> _Problem description_
Your answer must be the exact lines from the one holding "Extra Wide Walk-Through Dog Gate" through the end of the entries, with no pictures.

++++ Task input ++++

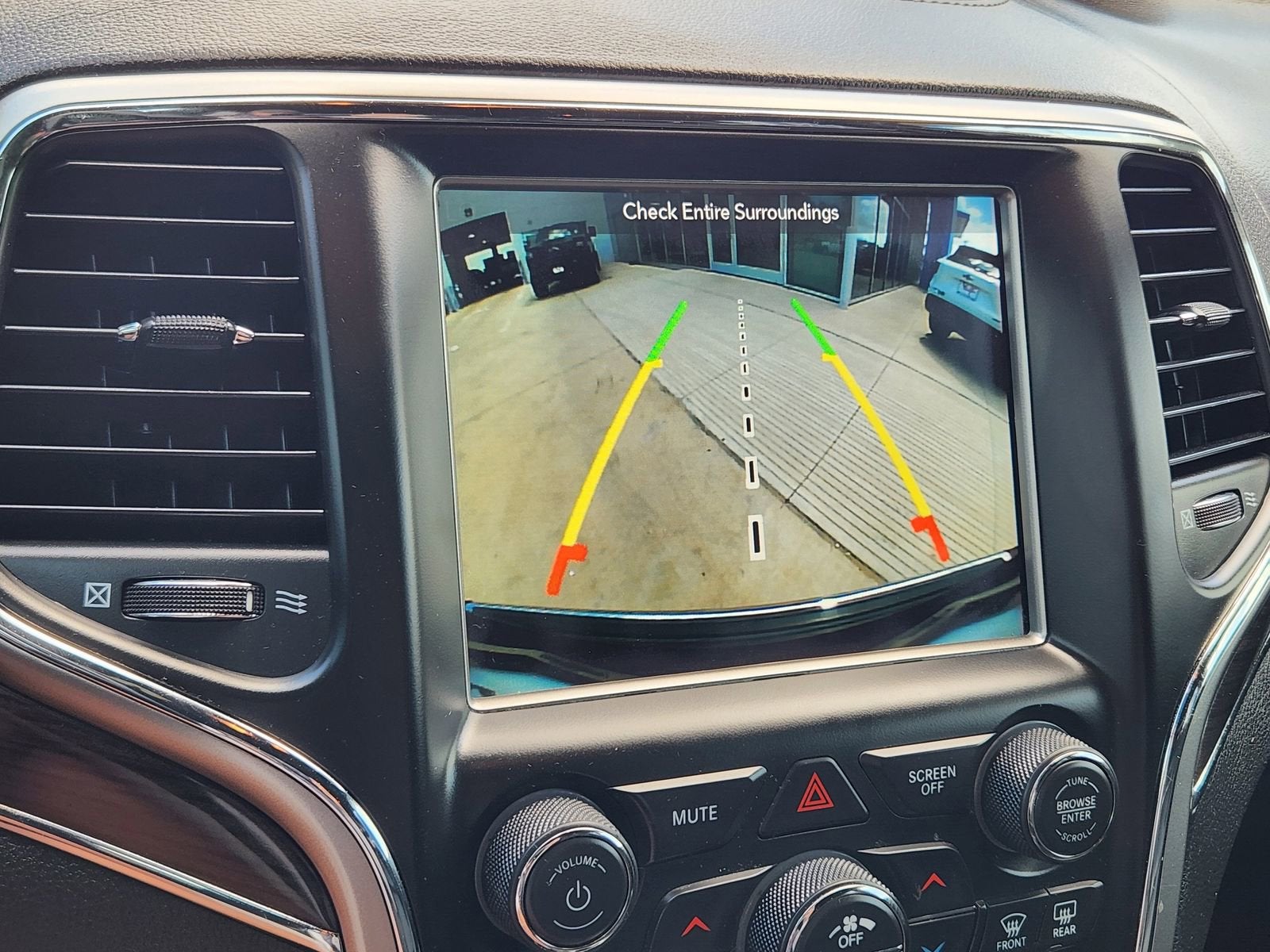 2018 Jeep Grand Cherokee Overland 4x4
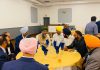ਪੰਜਾਬ ਵਿਧਾਨ ਸਭਾ ਸਪੀਕਰ ਵੱਲੋਂ ਗੁਰੂ ਨਾਨਕ ਇੰਜੀਨੀਅਰਿੰਗ ਕਾਲਜ ਬਿਦਰ ਦੇ ਹਮ-ਜਮਾਤੀਆਂ ਨਾਲ ਮਿਲਣੀ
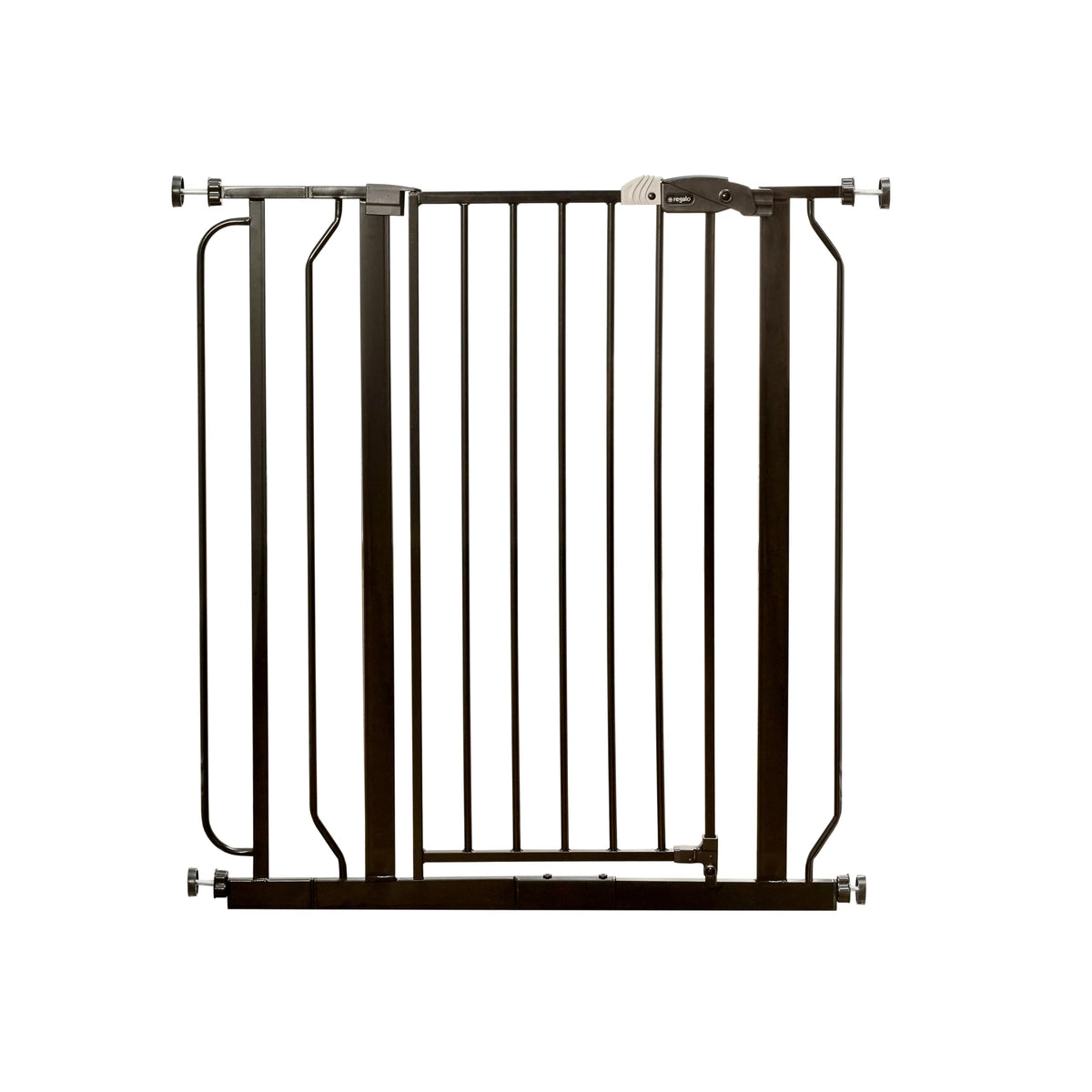 Extra Wide Walk-Through Dog Gate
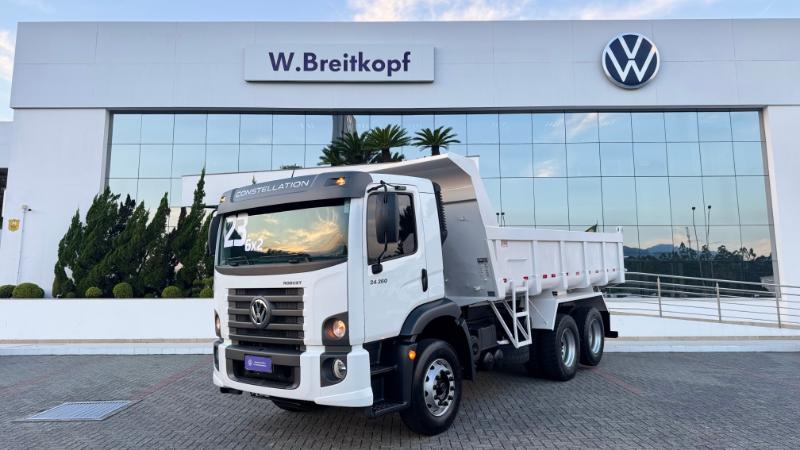 Imagem destaque VW Constellation 24.260 2023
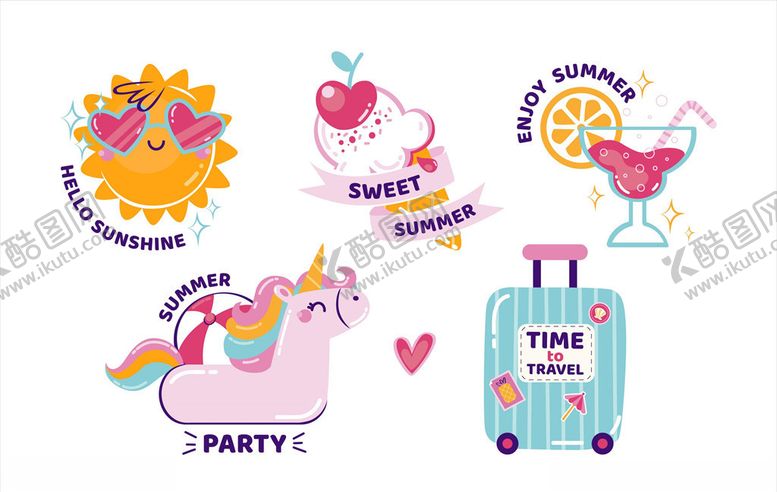 编号：89962609281209485020【酷图网】源文件下载-卡通贴纸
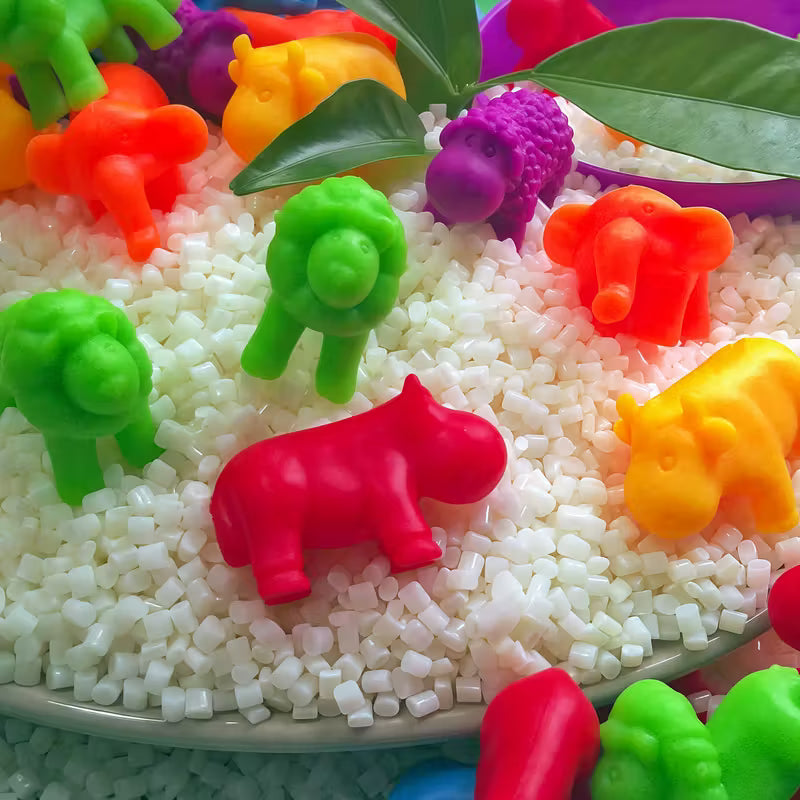 Counting Animal Sorting Toy Set – Educational Matching Game with Bowls | Montessori Math & Sensory Learning Toy for Kids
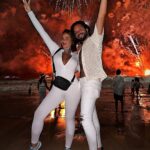 Sarah Fraisou Instagram - 🎉 2 0 2 4 🎉 #newyear #brazil🇧🇷 #family #goodtimes #felizanonovo #2024 #bonneannée #picoftheday Copacabana, Rio de Janeiro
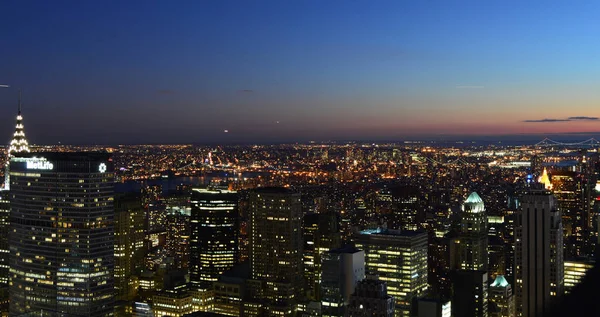New York City Usa Grudnia 2014 New York City Widok — Zdjęcie stockowe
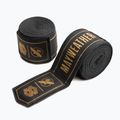 Bende da boxe Hayabusa Mayweather Stretch Hand Wraps 450 g black/gold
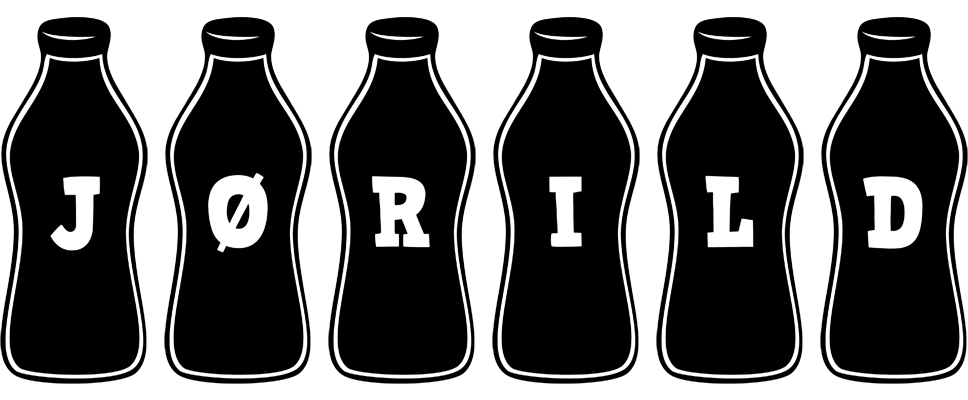 Jørild bottle logo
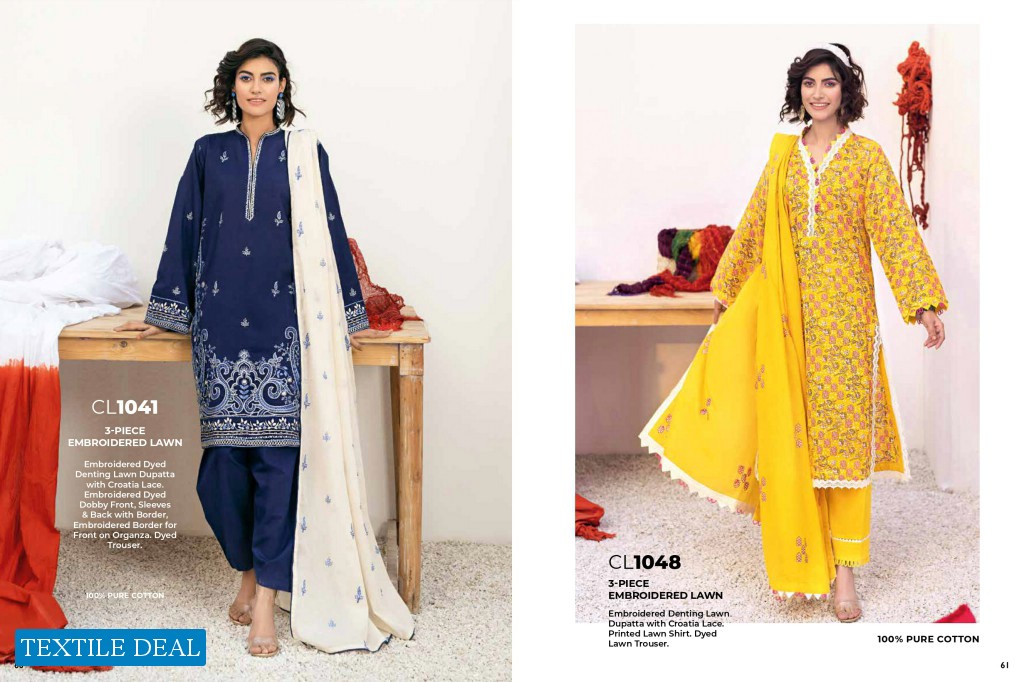 Gul Ahmed Basic Magazine Made For Pakistani Catalog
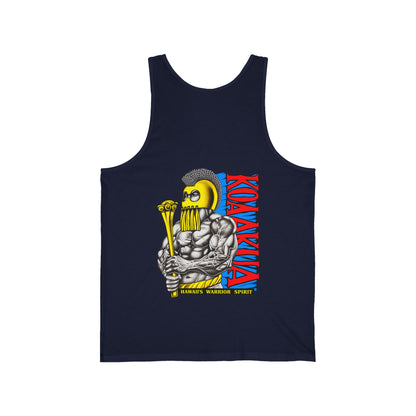 Hawaiian Strength Koa Akua Hawaii's Warrior Spirit Unisex Jersey Tank
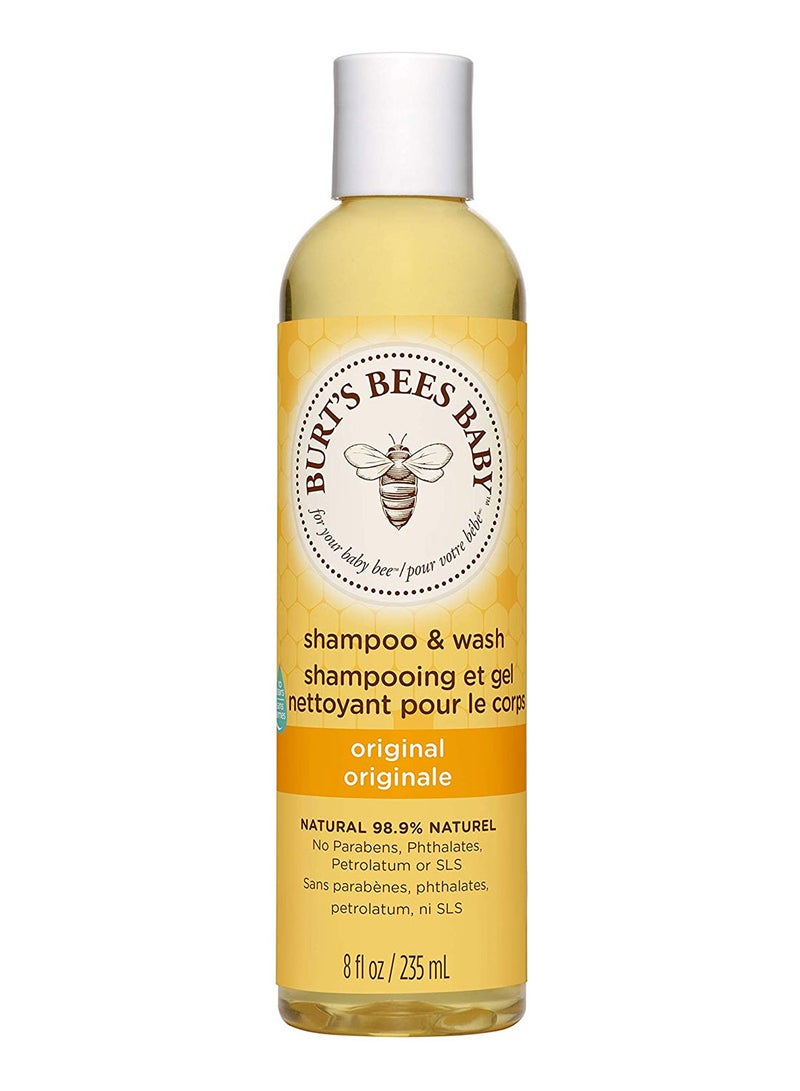 Burt's Bee - Natural Shampoo And Wash Gel - Image 1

++++

> _Result of the exercise_
 Extra Wide Walk-Through Dog Gate
 Imagem destaque VW Constellation 24.260 2023
 编号：89962609281209485020【酷图网】源文件下载-卡通贴纸
 Counting Animal Sorting Toy Set – Educational Matching Game with Bowls | Montessori Math & Sensory Learning Toy for Kids
 Sarah Fraisou Instagram - 🎉 2 0 2 4 🎉 #newyear #brazil🇧🇷 #family #goodtimes #felizanonovo #2024 #bonneannée #picoftheday Copacabana, Rio de Janeiro
New York City Usa Grudnia 2014 New York City Widok — Zdjęcie stockowe
 Bende da boxe Hayabusa Mayweather Stretch Hand Wraps 450 g black/gold
 Jørild bottle logo
 Gul Ahmed Basic Magazine Made For Pakistani Catalog
 Hawaiian Strength Koa Akua Hawaii's Warrior Spirit Unisex Jersey Tank
 Burt's Bee - Natural Shampoo And Wash Gel - Image 1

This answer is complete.